To my fellow soon to be graduates

The days leading up to this moment were just as important as the final results.
by Averie Watson

The academic year is coming to a close and soon a couple of hundred students in their final years at our university will be graduating in late June. It’s the end of an era. It’s time for us to move on with our lives and decide what we want to do with the future.

I want to ask everyone reading this to do something. I want you all to walk around the university one last time. This may be the last chance that you have.

 In a couple of years, we’ll all have jobs in different cities and the University of Aberdeen will be a distant memory.

That isn’t necessarily a bad thing, of course. Human nature depends on change. So, moving on to the next stages of our lives is necessary.

Go to all of the buildings that you had your classes in. See if you can remember which rooms you went to over the past few years. These classrooms dictated our time, our work, our very lives for the years that we’ve been here. See if you can remember who taught you. See if you can remember your classmates, or your assignments, or what was on the whiteboard when the lecturer was talking.

Were you a member of any societies? Go to the room that you met in every week with your fellow society members. Can you remember where you would usually sit each week? Is this where you met your friends? How important was this society to you while you were living here?

Did you ever meet up with your friends on campus? Find the place where you would all hang out. Invite them to meet up there one last time. Talk about the past, the present and the future. Talk about how excited you are for what you’re going to do over the next few years. Reminiscing and accepting that your time here is coming to an end doesn’t have to be sad, but hopeful and full of joy.

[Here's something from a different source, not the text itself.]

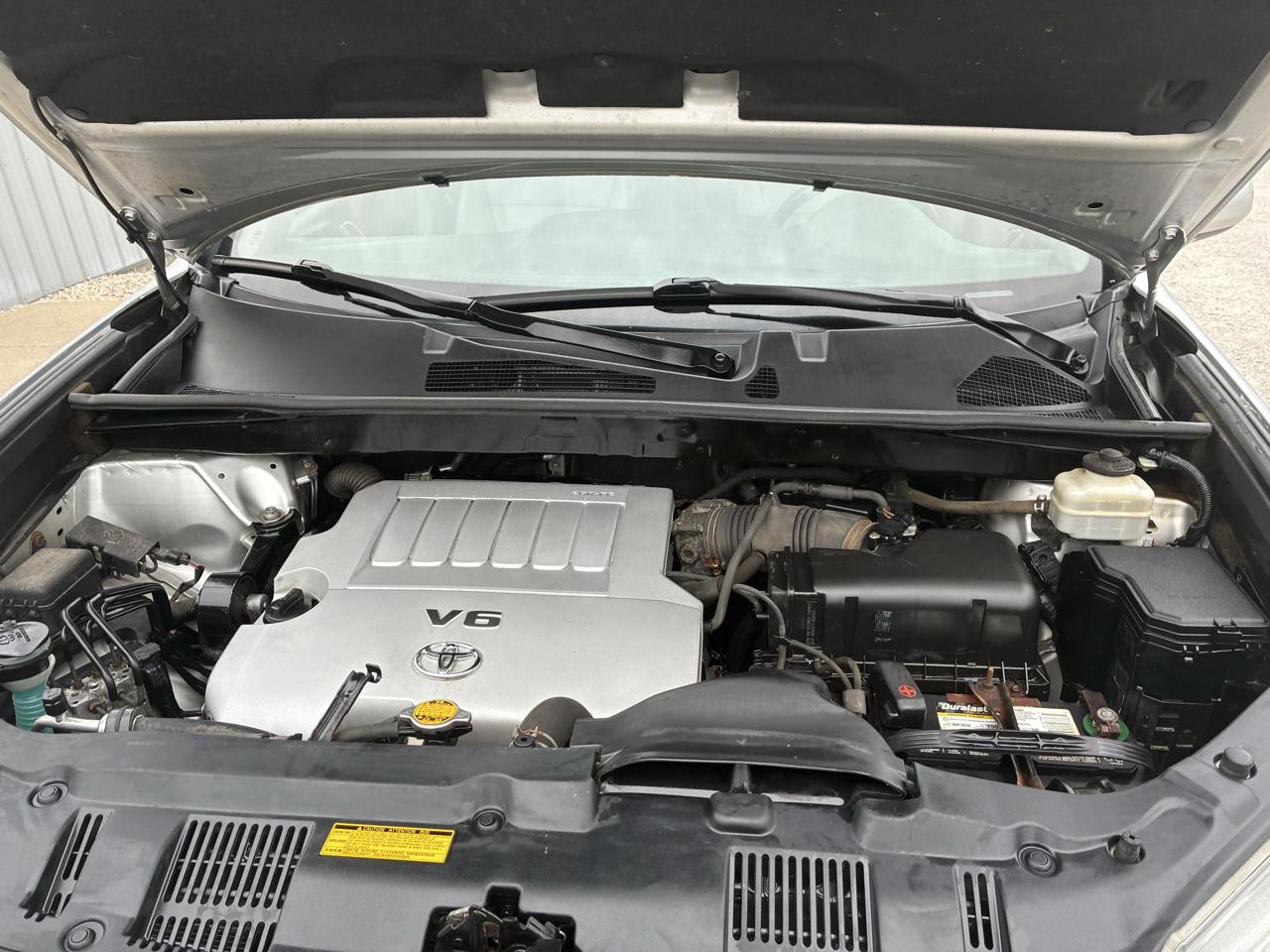 Toyota Highlander 4WD 4dr V6 Limited (Natl) 2011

Take photographs of these places, or even sketch them if you’re more artistically inclined. A visual reminder is so much stronger than anything your memory can retain over years and years of your long, long life. Put these pieces of paper somewhere special. Preserve them. Treasure them. You never know when a wave of nostalgia will wash over you and you’ll want to look at them again.

A word of caution should be advised, though. Doing this will make you look at the world through rose-tinted glasses and possibly cause memories from your first years of university life to reappear in your mind. Do this as a day trip with friends if you want the full effects of this experience.

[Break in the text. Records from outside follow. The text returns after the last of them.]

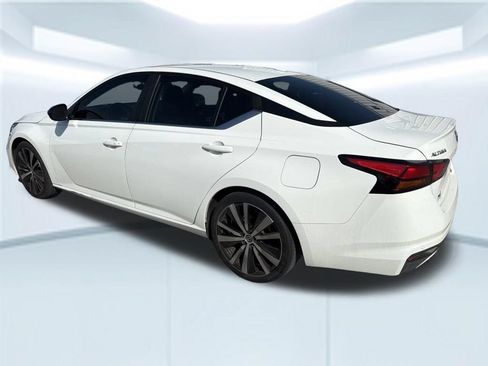Used 2020 Nissan Altima 2.5 SR FWD image 10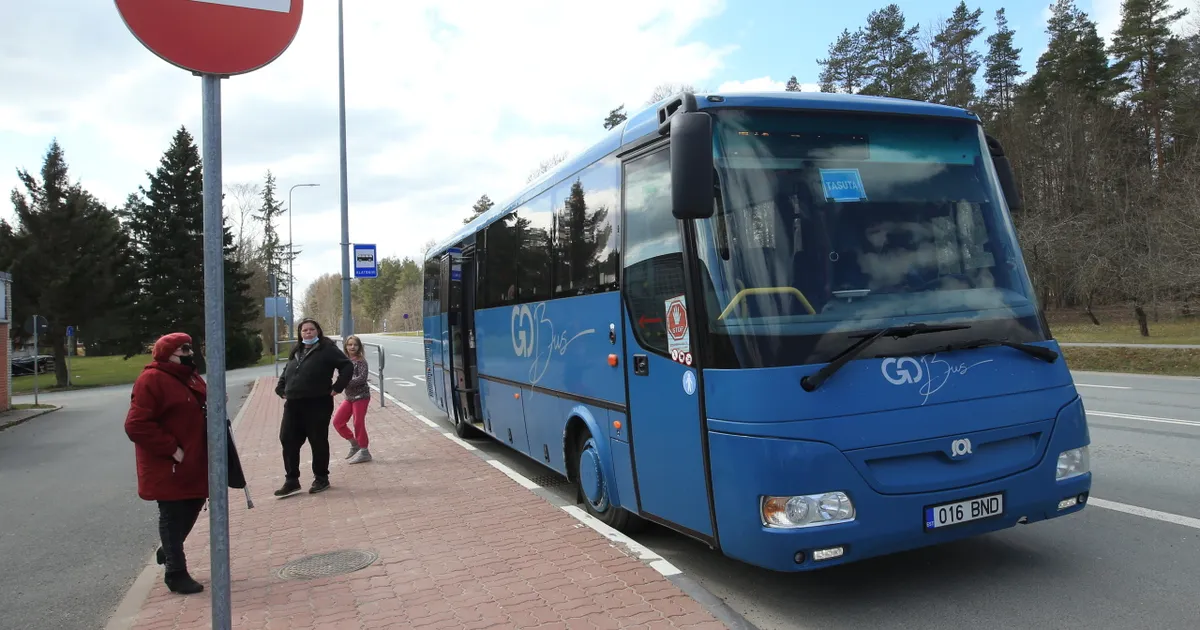 PROBLEEMNE BUSSISÕIT ⟩ Tsirguliina invaliid: mind taheti jätta külmaga peatusesse ootama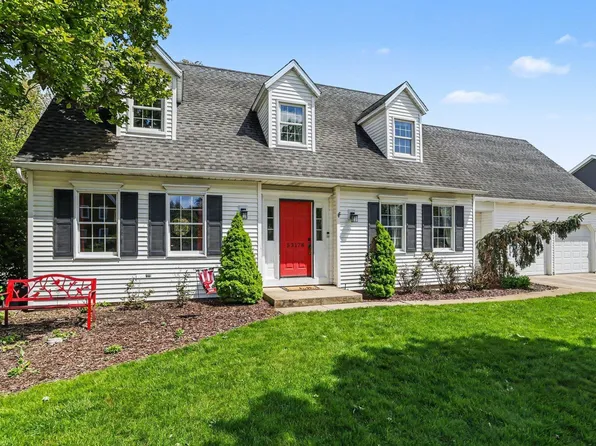 53178 County Kerry Dr, Granger, IN 46530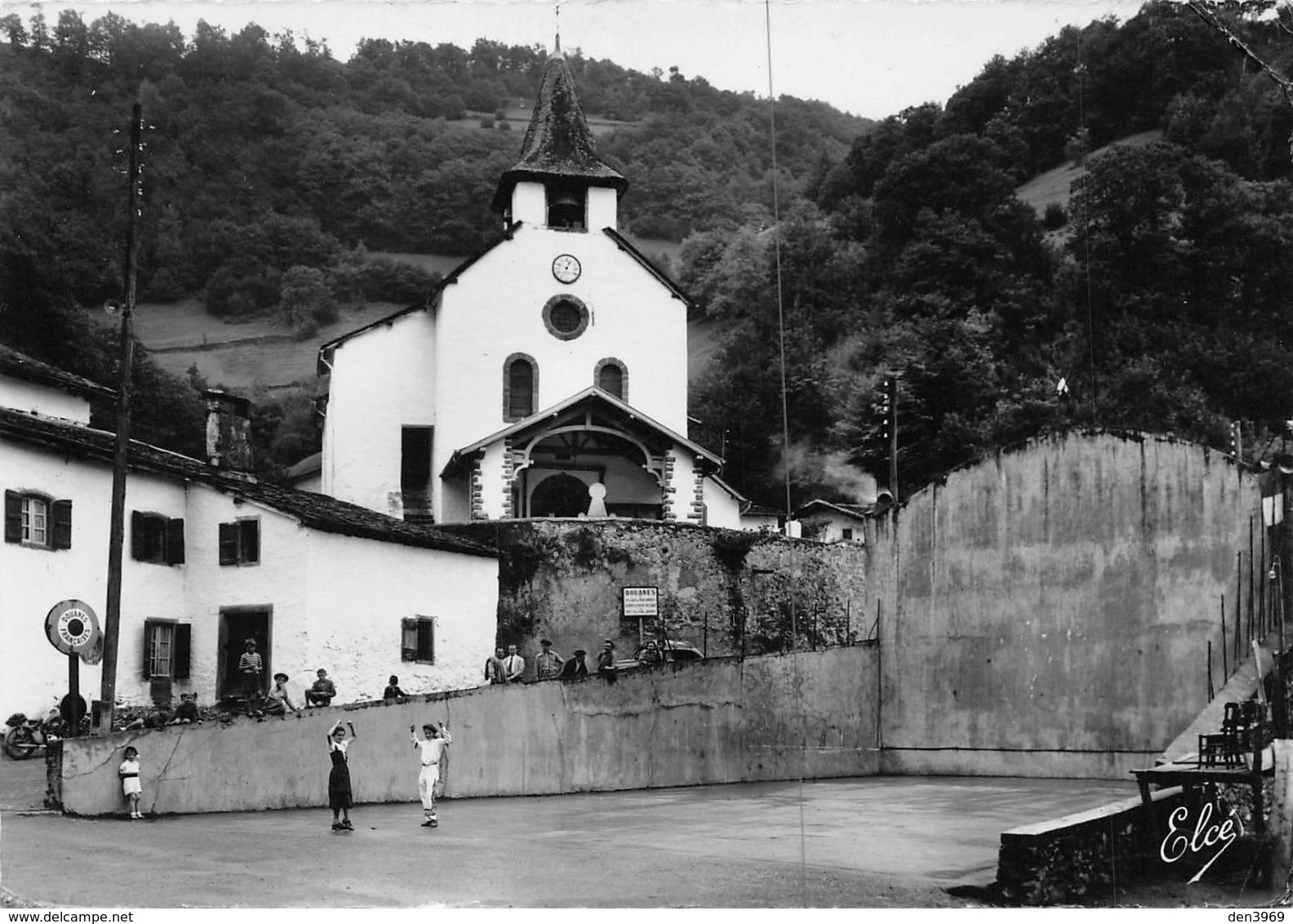 ARNEGUY - L'Eglise et le Fronton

So many people put all of their time and energy into the graduation ceremony itself, but it’s important to remember how you got here.

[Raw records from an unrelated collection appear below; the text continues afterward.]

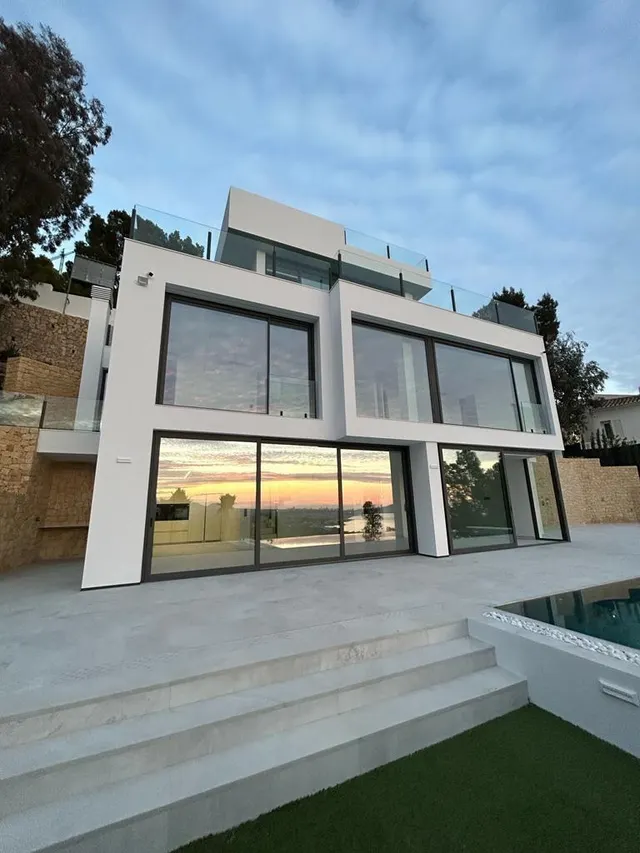 Villa moderna con vistas panorámicas al mar y a la montaña — 2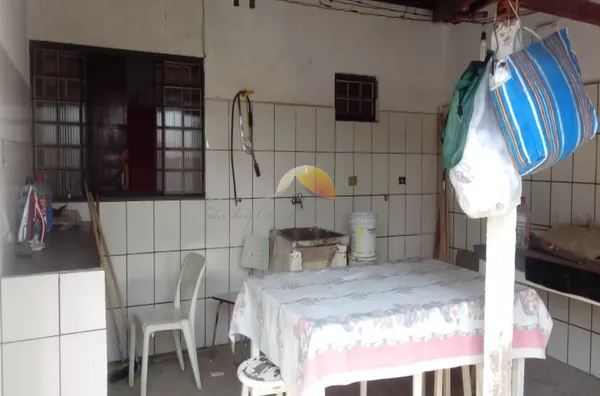 VENDE-SE CASA NO BAIRRO REBOURGEON 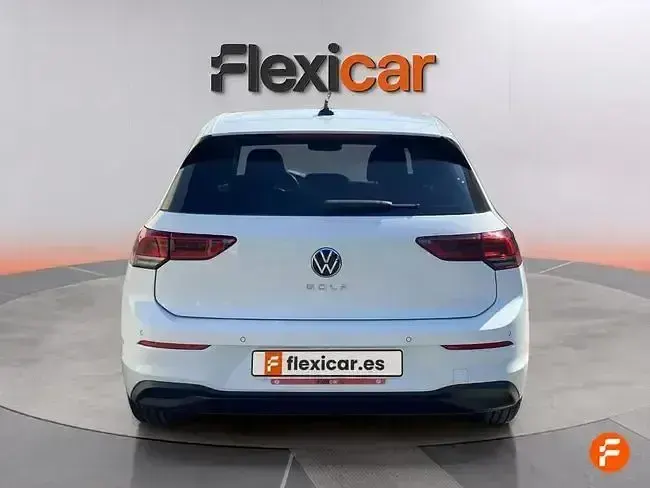 Usado VW Golf VIII 115 CV (84 kW) 2022 Blanco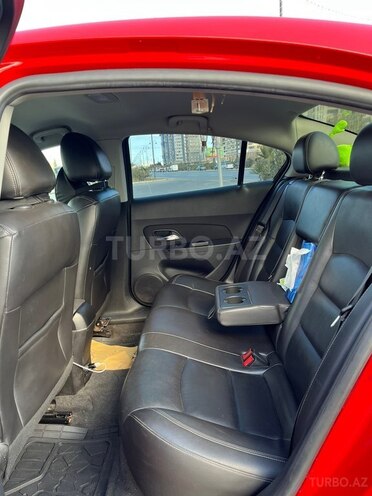 Chevrolet Cruze-10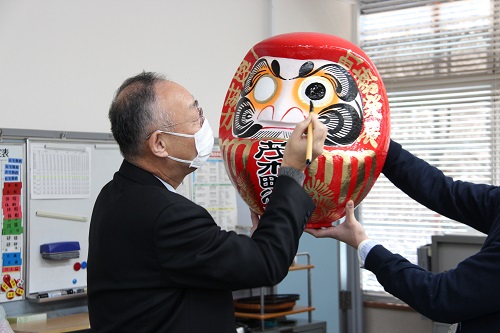 今年はひっそり「ダルマの目入れ式」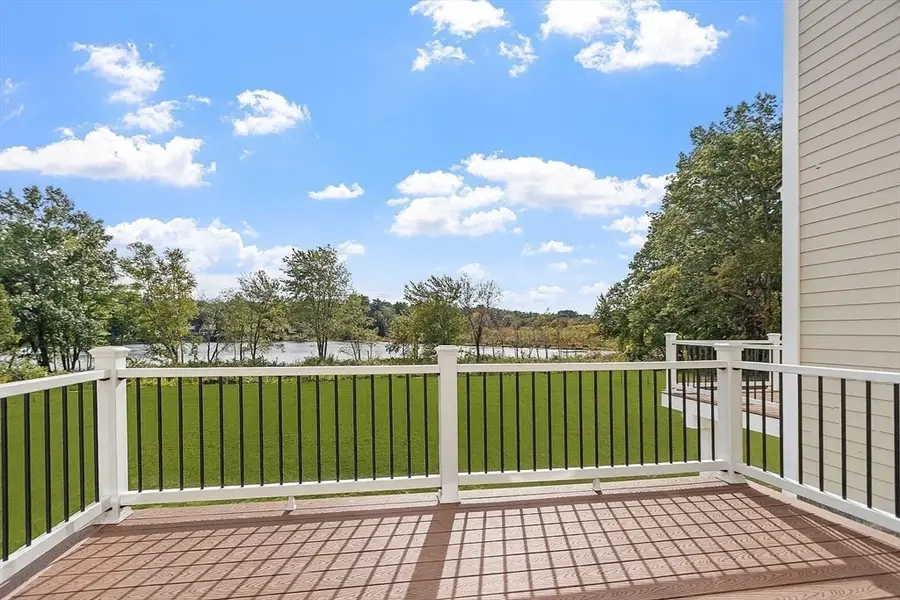 206 W Main St #9, Georgetown, MA 01833 - Image #3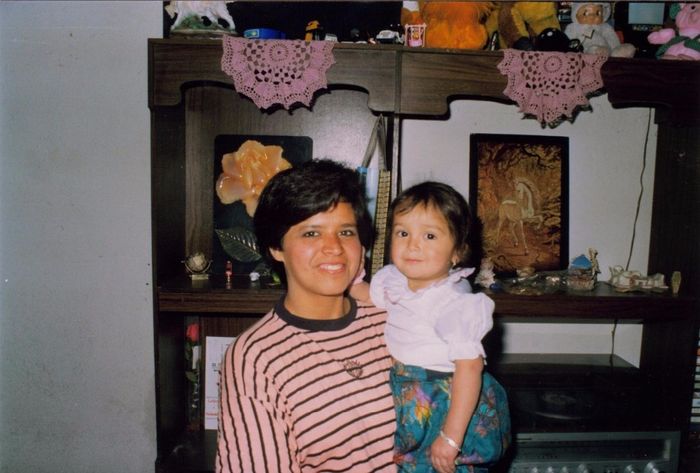 Yo, aquí con mi mamá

The days leading up to this moment were just as important as the final results. They say that you meet your true friends at university and I’d like to think that the saying is pretty accurate. Your friends help you through so many trials and tribulations and you grow as a person thanks to them. In return, they grow as well, thanks to you. Take your time to meet up with these people before the end of June and build more memories together. Do as much as you can before graduation and make the most of your time left here. If you can do that, you can look back at this time years from now with no regrets.